▸ What is expected
Search the data for "white". Return each matching line.

▸ Extracted material
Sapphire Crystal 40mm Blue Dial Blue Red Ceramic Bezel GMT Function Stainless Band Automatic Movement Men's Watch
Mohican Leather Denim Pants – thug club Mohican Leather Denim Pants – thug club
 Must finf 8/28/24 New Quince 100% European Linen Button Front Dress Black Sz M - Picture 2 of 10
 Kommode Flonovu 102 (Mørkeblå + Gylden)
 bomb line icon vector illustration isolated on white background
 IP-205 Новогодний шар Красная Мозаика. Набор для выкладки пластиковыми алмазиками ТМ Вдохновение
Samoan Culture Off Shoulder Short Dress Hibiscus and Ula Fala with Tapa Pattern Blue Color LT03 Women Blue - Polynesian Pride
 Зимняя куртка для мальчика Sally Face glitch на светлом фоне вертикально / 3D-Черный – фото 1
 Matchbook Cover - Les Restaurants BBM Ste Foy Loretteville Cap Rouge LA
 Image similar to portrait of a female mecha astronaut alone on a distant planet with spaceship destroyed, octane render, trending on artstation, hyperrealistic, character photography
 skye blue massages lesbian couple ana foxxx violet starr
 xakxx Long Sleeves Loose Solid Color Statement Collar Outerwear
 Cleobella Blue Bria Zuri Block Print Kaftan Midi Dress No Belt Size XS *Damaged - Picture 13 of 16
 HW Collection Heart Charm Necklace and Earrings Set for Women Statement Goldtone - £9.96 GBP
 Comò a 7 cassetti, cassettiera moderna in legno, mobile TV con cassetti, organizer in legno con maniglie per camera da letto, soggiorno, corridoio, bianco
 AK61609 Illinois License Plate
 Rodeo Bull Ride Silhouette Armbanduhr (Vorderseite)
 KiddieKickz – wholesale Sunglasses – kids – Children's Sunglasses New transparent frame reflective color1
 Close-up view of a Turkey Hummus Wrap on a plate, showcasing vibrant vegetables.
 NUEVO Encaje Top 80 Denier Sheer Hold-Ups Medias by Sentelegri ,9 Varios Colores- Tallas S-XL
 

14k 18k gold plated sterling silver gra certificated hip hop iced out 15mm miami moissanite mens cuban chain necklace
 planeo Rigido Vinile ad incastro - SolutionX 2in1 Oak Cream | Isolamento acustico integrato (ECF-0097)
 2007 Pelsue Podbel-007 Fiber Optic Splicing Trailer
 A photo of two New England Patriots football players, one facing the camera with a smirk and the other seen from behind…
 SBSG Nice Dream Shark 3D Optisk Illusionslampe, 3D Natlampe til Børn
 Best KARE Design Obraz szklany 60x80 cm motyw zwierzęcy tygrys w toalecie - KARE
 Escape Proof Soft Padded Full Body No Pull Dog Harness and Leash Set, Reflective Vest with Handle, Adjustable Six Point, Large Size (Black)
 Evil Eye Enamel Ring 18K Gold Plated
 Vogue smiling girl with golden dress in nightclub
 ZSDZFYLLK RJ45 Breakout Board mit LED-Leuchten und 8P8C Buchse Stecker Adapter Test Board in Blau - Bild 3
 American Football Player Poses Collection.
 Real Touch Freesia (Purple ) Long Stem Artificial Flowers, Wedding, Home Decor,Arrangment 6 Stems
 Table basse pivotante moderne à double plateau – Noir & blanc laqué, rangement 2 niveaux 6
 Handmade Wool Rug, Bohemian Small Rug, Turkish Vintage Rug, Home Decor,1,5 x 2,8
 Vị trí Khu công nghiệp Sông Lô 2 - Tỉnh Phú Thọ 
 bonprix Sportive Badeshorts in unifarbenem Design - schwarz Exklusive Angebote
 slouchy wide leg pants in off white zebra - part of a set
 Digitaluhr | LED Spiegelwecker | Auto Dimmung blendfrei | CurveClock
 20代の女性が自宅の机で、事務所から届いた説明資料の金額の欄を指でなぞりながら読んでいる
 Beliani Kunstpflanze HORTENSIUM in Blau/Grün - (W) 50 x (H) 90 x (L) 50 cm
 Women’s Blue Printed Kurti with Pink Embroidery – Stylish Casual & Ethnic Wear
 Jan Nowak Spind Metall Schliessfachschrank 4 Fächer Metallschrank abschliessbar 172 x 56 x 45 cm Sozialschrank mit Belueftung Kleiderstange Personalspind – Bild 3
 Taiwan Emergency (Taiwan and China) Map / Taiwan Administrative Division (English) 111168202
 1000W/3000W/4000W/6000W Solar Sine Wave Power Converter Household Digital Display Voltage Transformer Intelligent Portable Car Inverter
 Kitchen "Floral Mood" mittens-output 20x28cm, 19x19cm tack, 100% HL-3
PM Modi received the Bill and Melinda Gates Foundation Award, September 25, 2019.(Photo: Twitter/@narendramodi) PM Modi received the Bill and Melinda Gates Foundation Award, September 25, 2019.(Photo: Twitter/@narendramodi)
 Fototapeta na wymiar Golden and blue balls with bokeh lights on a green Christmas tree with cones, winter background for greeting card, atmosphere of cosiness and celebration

▸ Answer to this task
 bomb line icon vector illustration isolated on white background
 slouchy wide leg pants in off white zebra - part of a set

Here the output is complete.